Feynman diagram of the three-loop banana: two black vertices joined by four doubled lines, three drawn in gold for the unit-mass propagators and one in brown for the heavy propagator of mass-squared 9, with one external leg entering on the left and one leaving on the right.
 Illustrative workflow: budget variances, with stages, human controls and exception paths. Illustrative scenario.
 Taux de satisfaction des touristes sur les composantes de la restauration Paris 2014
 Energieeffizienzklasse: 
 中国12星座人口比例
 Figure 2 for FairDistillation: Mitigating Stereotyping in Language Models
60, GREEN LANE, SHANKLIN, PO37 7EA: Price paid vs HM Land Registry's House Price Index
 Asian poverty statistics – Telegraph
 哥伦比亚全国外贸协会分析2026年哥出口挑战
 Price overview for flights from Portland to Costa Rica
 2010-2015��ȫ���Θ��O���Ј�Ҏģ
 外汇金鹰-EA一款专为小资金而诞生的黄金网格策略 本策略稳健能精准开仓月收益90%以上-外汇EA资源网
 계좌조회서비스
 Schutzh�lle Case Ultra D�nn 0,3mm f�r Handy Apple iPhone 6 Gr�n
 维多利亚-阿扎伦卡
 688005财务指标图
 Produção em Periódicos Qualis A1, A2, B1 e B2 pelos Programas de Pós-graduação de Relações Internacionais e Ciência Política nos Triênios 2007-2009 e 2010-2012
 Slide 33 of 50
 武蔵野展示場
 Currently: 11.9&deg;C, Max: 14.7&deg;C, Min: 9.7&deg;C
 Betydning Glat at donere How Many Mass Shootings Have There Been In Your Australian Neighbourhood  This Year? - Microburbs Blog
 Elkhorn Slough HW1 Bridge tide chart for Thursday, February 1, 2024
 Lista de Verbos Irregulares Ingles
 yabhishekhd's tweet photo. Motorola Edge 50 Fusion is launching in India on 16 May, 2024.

------

What is being asked:
List every line above containing the word "Price".

Solved problem:
60, GREEN LANE, SHANKLIN, PO37 7EA: Price paid vs HM Land Registry's House Price Index
 Price overview for flights from Portland to Costa Rica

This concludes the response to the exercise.